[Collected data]
++++++
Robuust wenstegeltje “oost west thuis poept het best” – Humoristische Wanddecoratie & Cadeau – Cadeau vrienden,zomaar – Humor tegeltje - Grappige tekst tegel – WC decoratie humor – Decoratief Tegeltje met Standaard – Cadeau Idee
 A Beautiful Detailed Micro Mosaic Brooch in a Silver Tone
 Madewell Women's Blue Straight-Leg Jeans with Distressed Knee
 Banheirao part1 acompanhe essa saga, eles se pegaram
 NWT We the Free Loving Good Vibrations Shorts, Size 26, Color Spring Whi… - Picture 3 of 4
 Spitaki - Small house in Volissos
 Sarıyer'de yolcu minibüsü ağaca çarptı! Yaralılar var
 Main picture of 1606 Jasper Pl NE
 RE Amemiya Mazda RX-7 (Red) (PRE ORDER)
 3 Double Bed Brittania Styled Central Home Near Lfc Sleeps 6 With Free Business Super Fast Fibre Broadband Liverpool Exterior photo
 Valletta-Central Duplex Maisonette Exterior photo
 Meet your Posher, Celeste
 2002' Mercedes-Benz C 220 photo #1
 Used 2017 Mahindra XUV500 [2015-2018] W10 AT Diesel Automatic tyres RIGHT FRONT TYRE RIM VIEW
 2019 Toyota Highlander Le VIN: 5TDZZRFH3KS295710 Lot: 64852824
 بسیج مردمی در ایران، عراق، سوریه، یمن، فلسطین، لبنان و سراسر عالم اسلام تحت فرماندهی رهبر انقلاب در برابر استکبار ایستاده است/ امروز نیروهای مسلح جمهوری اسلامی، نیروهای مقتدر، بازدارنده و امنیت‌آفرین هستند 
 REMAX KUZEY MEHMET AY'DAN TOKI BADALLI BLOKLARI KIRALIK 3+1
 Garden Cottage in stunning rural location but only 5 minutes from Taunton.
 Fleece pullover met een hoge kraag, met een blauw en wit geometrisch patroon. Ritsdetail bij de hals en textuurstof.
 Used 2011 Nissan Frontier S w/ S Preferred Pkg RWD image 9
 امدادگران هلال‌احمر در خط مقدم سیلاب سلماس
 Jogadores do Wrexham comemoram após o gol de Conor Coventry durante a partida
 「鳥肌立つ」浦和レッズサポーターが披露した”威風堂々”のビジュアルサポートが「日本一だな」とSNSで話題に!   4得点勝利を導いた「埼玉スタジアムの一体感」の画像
++++++
Look above and repeat, character for character, the lines from the first one to the line with "Garden Cottage in", counting both.

Robuust wenstegeltje “oost west thuis poept het best” – Humoristische Wanddecoratie & Cadeau – Cadeau vrienden,zomaar – Humor tegeltje - Grappige tekst tegel – WC decoratie humor – Decoratief Tegeltje met Standaard – Cadeau Idee
 A Beautiful Detailed Micro Mosaic Brooch in a Silver Tone
 Madewell Women's Blue Straight-Leg Jeans with Distressed Knee
 Banheirao part1 acompanhe essa saga, eles se pegaram
 NWT We the Free Loving Good Vibrations Shorts, Size 26, Color Spring Whi… - Picture 3 of 4
 Spitaki - Small house in Volissos
 Sarıyer'de yolcu minibüsü ağaca çarptı! Yaralılar var
 Main picture of 1606 Jasper Pl NE
 RE Amemiya Mazda RX-7 (Red) (PRE ORDER)
 3 Double Bed Brittania Styled Central Home Near Lfc Sleeps 6 With Free Business Super Fast Fibre Broadband Liverpool Exterior photo
 Valletta-Central Duplex Maisonette Exterior photo
 Meet your Posher, Celeste
 2002' Mercedes-Benz C 220 photo #1
 Used 2017 Mahindra XUV500 [2015-2018] W10 AT Diesel Automatic tyres RIGHT FRONT TYRE RIM VIEW
 2019 Toyota Highlander Le VIN: 5TDZZRFH3KS295710 Lot: 64852824
 بسیج مردمی در ایران، عراق، سوریه، یمن، فلسطین، لبنان و سراسر عالم اسلام تحت فرماندهی رهبر انقلاب در برابر استکبار ایستاده است/ امروز نیروهای مسلح جمهوری اسلامی، نیروهای مقتدر، بازدارنده و امنیت‌آفرین هستند 
 REMAX KUZEY MEHMET AY'DAN TOKI BADALLI BLOKLARI KIRALIK 3+1
 Garden Cottage in stunning rural location but only 5 minutes from Taunton.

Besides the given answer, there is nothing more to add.